## Aim of the exercise
Could you copy exactly the lines below, beginning at the line with "Serene mountain lake" and stopping after the line with "a kitchen with", with no pictures?

## Extracted material

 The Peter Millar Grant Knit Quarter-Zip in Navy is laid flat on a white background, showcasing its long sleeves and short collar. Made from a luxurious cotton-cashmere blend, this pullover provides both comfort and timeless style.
...
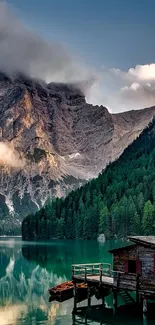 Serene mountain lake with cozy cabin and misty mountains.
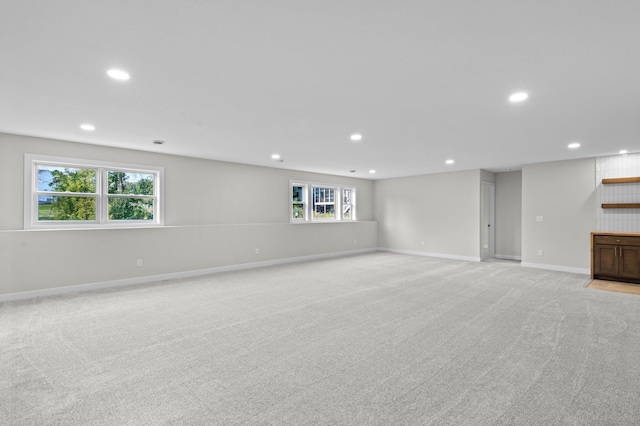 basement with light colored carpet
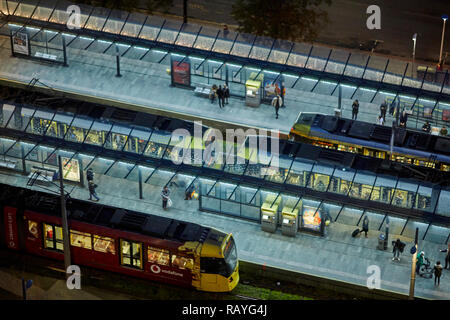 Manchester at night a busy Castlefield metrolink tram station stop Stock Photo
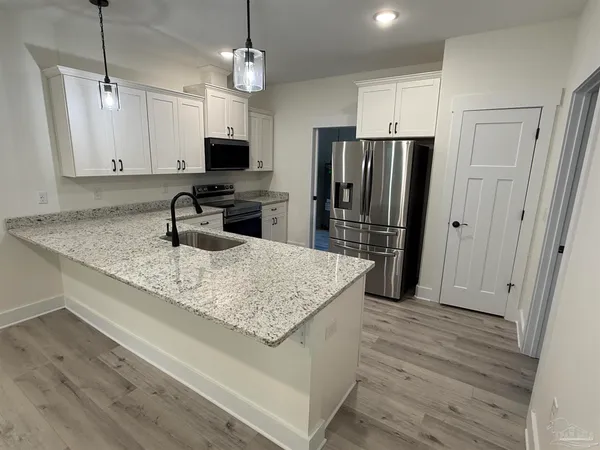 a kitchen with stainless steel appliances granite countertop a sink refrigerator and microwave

## Completed exercise
 Serene mountain lake with cozy cabin and misty mountains.
 basement with light colored carpet
 Manchester at night a busy Castlefield metrolink tram station stop Stock Photo
 a kitchen with stainless steel appliances granite countertop a sink refrigerator and microwave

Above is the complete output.